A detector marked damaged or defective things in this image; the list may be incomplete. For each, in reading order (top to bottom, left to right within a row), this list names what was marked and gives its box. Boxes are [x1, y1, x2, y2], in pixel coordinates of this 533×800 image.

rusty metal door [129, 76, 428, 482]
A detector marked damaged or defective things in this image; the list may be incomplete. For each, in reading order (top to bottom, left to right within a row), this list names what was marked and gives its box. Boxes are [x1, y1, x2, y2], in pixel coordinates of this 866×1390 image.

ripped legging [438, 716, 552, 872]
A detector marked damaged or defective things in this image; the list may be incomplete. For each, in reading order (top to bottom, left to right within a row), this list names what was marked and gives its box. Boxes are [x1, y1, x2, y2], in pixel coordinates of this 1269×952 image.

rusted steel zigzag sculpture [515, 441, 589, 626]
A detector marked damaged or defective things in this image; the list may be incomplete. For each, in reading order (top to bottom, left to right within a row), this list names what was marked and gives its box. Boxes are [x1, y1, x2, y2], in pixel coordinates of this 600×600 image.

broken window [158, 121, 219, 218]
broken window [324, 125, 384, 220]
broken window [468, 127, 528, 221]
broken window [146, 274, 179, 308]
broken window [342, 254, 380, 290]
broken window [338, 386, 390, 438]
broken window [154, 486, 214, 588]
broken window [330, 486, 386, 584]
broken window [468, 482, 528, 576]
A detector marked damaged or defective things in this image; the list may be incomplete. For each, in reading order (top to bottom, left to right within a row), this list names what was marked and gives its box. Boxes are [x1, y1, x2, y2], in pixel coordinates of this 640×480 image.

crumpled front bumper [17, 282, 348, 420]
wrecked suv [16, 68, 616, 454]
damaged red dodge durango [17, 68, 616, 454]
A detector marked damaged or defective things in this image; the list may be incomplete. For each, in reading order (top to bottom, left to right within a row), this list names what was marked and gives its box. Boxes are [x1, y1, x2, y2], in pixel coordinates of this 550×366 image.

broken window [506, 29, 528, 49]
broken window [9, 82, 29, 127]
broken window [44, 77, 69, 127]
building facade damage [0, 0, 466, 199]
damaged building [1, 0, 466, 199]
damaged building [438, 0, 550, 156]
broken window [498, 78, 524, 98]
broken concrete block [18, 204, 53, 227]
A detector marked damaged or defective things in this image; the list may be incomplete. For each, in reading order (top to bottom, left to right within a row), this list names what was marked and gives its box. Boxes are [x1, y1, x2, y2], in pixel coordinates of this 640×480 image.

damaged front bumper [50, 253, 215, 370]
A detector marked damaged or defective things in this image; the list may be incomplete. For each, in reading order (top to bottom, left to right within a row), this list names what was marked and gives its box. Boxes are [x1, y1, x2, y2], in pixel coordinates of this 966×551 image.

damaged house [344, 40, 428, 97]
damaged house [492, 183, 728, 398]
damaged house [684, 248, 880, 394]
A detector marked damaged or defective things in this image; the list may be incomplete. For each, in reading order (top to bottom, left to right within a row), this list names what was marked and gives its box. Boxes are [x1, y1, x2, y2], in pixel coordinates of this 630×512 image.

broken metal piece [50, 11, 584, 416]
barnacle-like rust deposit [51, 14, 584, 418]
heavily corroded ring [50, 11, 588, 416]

────────

• _Exercise directions_
Each line from the one holding "this 630×512 image." to the end of the data above goes into the answer exactly as written, and no other line does.

• _Output of the exercise_
A detector marked damaged or defective things in this image; the list may be incomplete. For each, in reading order (top to bottom, left to right within a row), this list names what was marked and gives its box. Boxes are [x1, y1, x2, y2], in pixel coordinates of this 630×512 image.

broken metal piece [50, 11, 584, 416]
barnacle-like rust deposit [51, 14, 584, 418]
heavily corroded ring [50, 11, 588, 416]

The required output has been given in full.